I left the U.S. to live and work in Berlin, Germany. I arrived 5 days ago. On the German side, everything is well organized, and moving along.

However until now, I hadn't reflected on which U.S. agencies, if any, I need to inform about my re-location abroad. I just found someone to take over my lease, and forwarded my mail to a relative, and left.

What U.S. agencies should I inform, if any, that I left the U.S. to live abroad?

So far all I've found is that I should inform the IRS that my address has changed -- presumably, I would provide them with my new German address, not a state-side relative's, but I'm working on confirming this.

Am I supposed to inform anyone else? It seems too easy, to just leave. Surely it's harder than this?

  • Probably a US Embassy would be the best if not the only agency.
    – Karlson
    Nov 23, 2015 at 18:26
  • 1
    Why do you expect it to be harder? The US is the land of the free. It is very different from Germany. If you expect it to be too similar, you are in for a big surprise. For example, it is illegal in Germany to insult people, including the police. See law.stackexchange.com/questions/3989/implied-insults.
    – phoog
    Nov 23, 2015 at 18:57

1 Answer 1


There is no need to inform anyone, other than to keep correspondents such as the IRS informed of your mailing address.

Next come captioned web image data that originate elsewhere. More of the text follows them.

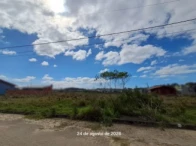 Miniatura 5 de Terreno - 360,00m² - R. Luiz Carlos Pereira - Vila São João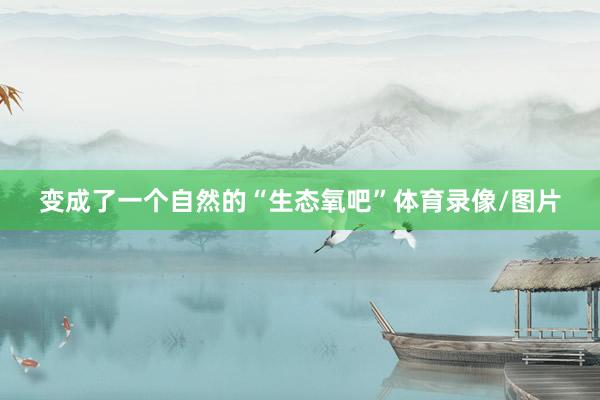 变成了一个自然的“生态氧吧”体育录像/图片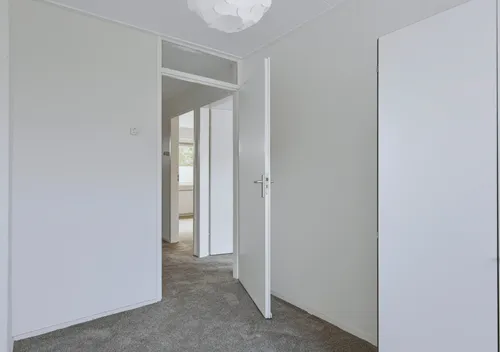 287737435.jpg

You can register with the state department. This is voluntary, and is available to all travelers, not just those who move abroad. See https://step.state.gov/step/.

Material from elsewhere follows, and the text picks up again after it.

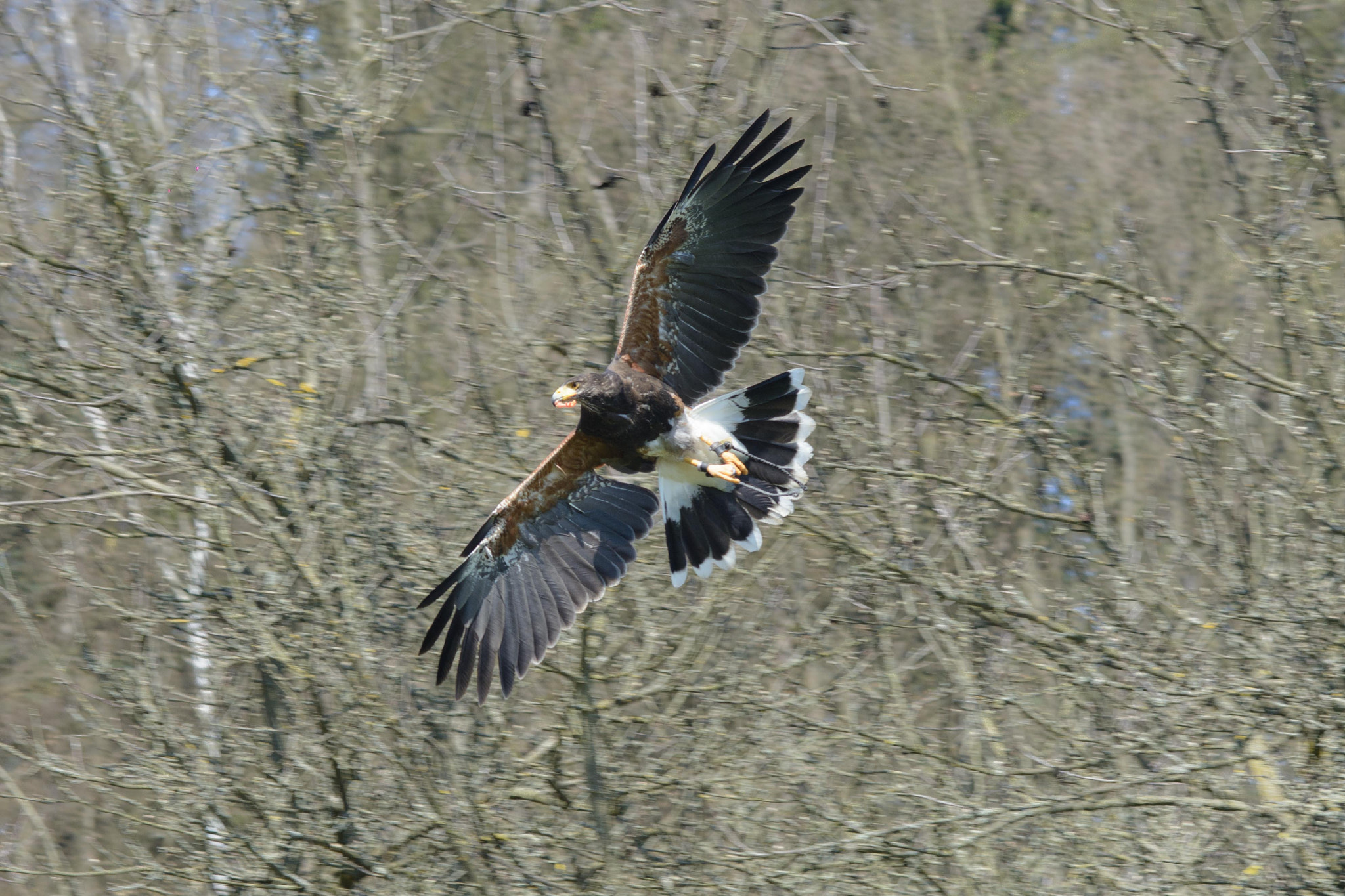 AF Nikkor 85mm f/1.8 sample photo. Bird in flight photography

If you wish to vote by absentee ballot, you'll need to register with the state you last lived in before you left the country. See http://www.fvap.gov.

When I lived abroad, I leaned of both of these programs from the US consulate in my city, so Karlson's comment is a good one. The consulate or the embassy's consular section will be a good source of information about US government programs for citizens living abroad.